All the while, the waiters were giving us very clear instructions about how to eat and prepare our food. The times for grilling each type of meat were prescribed to the half-minute (Melissa kept time): a minute on each side for the liver, 30 seconds each for the beef cheeks, five for the sweetbreads before flipping over for another five. And so on. The results were delicious—including the aorta, even though it gave everyone a little bit of a fight. For those wanting more edification, a colorfully illustrated chalkboard provided more details about the virtues of eating horumon—the Japanese word for offal.
I SUDDENLY FELT A PANG IN MY SINGLE STOMACH. THIS WAS POOR MAN’S FOOD AT RICH MAN’S PRICES
Staring contently at the remnants of our gastronomic evisceration, I suddenly felt a pang in my single stomach. This was poor man’s food at rich man’s prices. And so I felt guilt, perhaps brought on by my recent reporting on the Pope for TIME’s Person of the Year and his exhortations against consumerism. But it was not the Pontiff who came to my mind’s eye but my good friend Dan Mathews. Dan is a vegan and, more importantly, vice-president of PETA. For all his outrageous activism for the group, he is quite happy to share tables with carnivores. It is, he has said, all part of outreach and a search for allies and friends for the cause of ethical treatment of all animals. Not everyone has to be a vegan to be a friend of PETA, he says. The Pope says similar things about the Church.
I now try to eat only pasta with a vegetable based sauce when I have lunch with Dan.
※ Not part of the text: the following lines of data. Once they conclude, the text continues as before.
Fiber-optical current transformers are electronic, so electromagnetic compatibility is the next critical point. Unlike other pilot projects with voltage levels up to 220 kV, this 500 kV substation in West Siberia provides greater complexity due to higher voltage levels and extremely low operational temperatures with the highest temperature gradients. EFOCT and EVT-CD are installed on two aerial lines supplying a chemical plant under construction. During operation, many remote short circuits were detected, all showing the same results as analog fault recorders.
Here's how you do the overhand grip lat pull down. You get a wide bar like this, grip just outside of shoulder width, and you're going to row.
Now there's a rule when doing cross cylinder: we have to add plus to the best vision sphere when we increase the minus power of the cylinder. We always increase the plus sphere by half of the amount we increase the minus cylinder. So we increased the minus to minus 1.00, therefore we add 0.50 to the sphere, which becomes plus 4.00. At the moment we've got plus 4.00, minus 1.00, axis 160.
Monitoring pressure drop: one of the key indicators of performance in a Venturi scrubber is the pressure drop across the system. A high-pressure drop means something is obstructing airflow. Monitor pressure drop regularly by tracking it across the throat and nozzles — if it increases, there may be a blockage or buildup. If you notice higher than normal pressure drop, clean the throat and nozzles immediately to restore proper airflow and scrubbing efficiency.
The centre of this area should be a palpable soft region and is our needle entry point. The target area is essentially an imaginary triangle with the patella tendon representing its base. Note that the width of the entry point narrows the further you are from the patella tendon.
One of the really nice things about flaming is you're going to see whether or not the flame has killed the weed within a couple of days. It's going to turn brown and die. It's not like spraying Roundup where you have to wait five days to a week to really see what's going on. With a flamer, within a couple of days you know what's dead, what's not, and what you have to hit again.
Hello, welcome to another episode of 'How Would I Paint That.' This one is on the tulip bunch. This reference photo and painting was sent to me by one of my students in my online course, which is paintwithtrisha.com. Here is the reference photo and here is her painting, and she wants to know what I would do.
Or drink, because, well, wine is fruit juice. I had fish the first time I went out with him years ago. And then he told me how he became a vegan. When he was a teenager, he went on a fishing trip on which his father landed a flounder that flopped helplessly on the deck of the boat. Dan remembers the flat and flabby fish staring at him with its same-sided eyes as his father and brother laughed at its ugliness. And Dan—who was overweight and closeted at the time—said he identified with the fish and could not eat meat or fish or fowl from then own. As he spoke, I stared at my trout.
At Takashi, with my belly full of the belly and testicles of cattle, I began to think that I might have to have a vegan feast soon. If only to sustain the livestock that is now part of my soul.